You could faithfully categorise Jim Morrison as the driving force of rock and roll. But truth be told, that seems to be a somewhat limiting term to prescribe. Morrison was a poetic vehicle – he wanted to be seen as a philosopher, and since the sixties, countercultures have embraced a duty to honouring his literary heroism. Morrison’s self-published book of poetry received a pretty underwhelming response in 1969, but in the summer of this year, I saw it on the shelves of countless stores along Sunset Boulevard. Taking a walk along the Ocean Front Walk in Venice, I met Morning Shot – a mural of Morrison that artist Rip Cronk created in 1991. Across the Atlantic, ‘ΚΑΤΑ ΤΟΝ ΔΑΙΜΟΝΑ ΕΑΥΤΟΥ’ sits on his grave in Paris’s Pere Lachaise – roughly translated as ‘true to his own spirit.’ Much like the minds of all great poets, that’s why Jim Morrison still – and always will – be important.
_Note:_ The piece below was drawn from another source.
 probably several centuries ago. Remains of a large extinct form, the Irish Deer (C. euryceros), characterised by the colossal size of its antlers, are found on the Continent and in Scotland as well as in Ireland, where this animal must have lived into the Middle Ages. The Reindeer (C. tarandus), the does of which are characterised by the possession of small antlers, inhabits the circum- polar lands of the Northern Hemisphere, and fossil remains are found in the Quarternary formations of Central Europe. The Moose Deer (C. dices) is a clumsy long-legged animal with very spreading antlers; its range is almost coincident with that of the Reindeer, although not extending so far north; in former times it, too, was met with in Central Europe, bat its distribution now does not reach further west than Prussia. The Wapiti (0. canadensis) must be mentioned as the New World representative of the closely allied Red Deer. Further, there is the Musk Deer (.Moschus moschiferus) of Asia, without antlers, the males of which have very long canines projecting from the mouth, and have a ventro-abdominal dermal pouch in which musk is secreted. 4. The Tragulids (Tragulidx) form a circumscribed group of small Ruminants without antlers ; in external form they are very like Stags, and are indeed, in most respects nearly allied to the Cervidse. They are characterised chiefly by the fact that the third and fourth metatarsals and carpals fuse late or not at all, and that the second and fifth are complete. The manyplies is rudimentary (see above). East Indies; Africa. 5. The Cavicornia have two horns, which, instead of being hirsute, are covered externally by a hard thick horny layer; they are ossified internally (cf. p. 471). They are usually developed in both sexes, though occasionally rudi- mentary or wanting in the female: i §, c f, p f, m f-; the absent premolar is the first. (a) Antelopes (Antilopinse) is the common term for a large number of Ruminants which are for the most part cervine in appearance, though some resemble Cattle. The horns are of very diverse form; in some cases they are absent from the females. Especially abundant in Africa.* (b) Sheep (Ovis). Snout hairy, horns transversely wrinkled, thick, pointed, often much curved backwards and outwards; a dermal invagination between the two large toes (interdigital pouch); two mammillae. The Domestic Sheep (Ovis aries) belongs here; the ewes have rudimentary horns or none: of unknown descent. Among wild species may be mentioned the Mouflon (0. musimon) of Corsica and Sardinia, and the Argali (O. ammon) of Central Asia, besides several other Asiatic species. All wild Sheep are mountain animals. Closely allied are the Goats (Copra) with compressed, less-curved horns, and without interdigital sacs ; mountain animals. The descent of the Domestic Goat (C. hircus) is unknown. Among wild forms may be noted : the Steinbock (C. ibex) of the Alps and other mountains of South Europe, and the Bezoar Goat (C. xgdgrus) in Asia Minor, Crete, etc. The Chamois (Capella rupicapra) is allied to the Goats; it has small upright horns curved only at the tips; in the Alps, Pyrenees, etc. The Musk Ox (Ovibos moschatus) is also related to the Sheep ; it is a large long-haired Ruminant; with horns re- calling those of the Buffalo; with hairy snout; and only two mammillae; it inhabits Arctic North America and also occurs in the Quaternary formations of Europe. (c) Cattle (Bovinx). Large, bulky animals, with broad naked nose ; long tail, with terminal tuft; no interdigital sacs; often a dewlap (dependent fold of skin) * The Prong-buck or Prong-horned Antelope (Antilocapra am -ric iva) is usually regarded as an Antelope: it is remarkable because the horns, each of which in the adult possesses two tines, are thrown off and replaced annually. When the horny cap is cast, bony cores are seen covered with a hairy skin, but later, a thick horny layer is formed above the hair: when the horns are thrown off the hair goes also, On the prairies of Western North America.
For individuals who acknowledge the dreams and nightmares of modern existence, there’s a comfort in listening to the tongue of a man who first rendered free spirited life into lyrics. And speaking from a summer retrospect, that comfort is even clearer in Los Angeles: a space that has carved his symbolism into a way of life. 75 years on from his birth, Mr. Mojo is still rising.